The Consul was staring right into the eyes of the handsome, dark young man at the end of his rifle. The crowd paused a moment before the final push.

“What do you want me to say?” the Consul answered. “For glory? Honor? Some principle or other? For Christian civilization, or nonsense like that? Well, not at all! I’m going to turn off those bright, shining eyes just for the pleasure it gives me! I have no brothers in this mob of Martians. They’re nothing to me. And now, finally, I’m going to prove it!”

He fired. One of the beast’s hundred heads disappeared, a bloody hole between its eyes. But it grew right back in the shape of a square, black face, with massive jaws and a hate-filled look. The Consul was thrown to the ground in a frenzy of blows. The bishop bent over his scrawny, prostrate form.

“In the name of the Lord, I forgive you,” he said.

“In the name of the Lord, eat shit!” the Consul gasped.

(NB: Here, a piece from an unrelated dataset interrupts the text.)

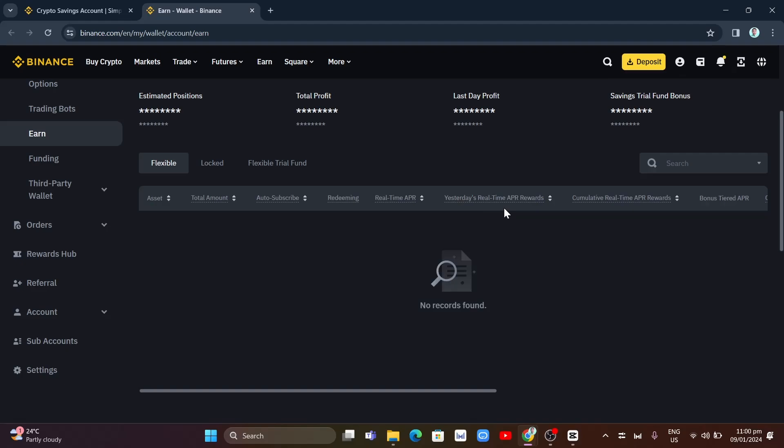So that's it. That's how you basically transfer from Earn Wallet to Spot Wallet in Binance.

Then the hundred heads plunged forward, as the surging beast, compressed within the confines of the gangplank, climbed on its thousands of legs to the deck of the Calcutta Star. Swept along in the tide, absorbed and digested, the bishop found himself lifted aboard and dropped down in place by the great human wave, alive but inert, like a shipwrecked sailor who, by some miracle, washes ashore on the sands of an unknown island. In that crushing welter of flesh, however, that horde exuding its mystic fervor through each of its pores, he had lost almost all sense of who and what he was. And when, in turn, the Calcutta Star sailed out of port, the bishop thought he saw, there on the deserted dock by the Ganges, a score of stray dogs lapping up a shining pool of blood, with a hundred others racing through the empty streets to join in the feast. “Really! Is that all that’s left of the Consul?” he wondered—the only coherent idea that managed to muddle its way through his head. He even thought he saw one of the dogs spelling words in the blood with his tongue. But the ship was already out too far, and he couldn’t read what they said, or even be sure that they really were words (though it seemed for a moment he could make out a few Latin syllables). For days on end he would sit transfixed on deck, in the stench of a yogi-style squat, racking his brain to the rhythmic swish of the water along the hull, trying to recall what his eyes had dimly seen. So doing, he soon took leave of his senses.